=== Section Start ===

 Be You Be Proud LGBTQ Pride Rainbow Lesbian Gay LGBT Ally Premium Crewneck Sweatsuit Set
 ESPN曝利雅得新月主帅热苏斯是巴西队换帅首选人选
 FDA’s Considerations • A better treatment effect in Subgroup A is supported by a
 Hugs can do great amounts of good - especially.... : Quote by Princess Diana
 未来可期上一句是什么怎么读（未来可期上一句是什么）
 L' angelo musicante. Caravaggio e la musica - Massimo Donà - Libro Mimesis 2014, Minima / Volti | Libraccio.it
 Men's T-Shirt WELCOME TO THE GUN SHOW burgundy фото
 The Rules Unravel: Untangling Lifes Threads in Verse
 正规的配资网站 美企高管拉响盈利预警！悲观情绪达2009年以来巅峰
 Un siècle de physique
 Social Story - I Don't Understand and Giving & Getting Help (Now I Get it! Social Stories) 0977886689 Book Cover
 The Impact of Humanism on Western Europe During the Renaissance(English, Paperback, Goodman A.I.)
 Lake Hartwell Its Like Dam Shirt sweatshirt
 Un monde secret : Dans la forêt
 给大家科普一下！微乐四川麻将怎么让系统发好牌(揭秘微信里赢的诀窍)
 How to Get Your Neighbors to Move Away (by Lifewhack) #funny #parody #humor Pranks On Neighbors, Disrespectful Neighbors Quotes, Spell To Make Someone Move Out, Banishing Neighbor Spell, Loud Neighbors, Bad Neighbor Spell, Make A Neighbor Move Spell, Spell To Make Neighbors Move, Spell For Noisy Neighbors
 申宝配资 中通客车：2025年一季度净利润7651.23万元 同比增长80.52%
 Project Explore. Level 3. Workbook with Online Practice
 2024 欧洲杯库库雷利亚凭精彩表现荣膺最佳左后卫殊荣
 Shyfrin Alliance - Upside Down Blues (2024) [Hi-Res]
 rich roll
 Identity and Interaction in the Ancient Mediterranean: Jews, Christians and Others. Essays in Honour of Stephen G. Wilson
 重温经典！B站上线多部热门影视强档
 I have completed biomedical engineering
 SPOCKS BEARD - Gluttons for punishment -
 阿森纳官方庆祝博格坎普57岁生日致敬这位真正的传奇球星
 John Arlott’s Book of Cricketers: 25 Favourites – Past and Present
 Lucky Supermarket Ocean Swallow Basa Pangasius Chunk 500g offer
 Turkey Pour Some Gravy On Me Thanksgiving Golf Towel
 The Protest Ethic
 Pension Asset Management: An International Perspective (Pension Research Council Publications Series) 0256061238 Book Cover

=== Section End ===

# Work order:
Only the lines from the one holding "I have completed biomedical engineering" through the end of the listing should appear in the response, each restated exactly.

# Response box:
 I have completed biomedical engineering
 SPOCKS BEARD - Gluttons for punishment -
 阿森纳官方庆祝博格坎普57岁生日致敬这位真正的传奇球星
 John Arlott’s Book of Cricketers: 25 Favourites – Past and Present
 Lucky Supermarket Ocean Swallow Basa Pangasius Chunk 500g offer
 Turkey Pour Some Gravy On Me Thanksgiving Golf Towel
 The Protest Ethic
 Pension Asset Management: An International Perspective (Pension Research Council Publications Series) 0256061238 Book Cover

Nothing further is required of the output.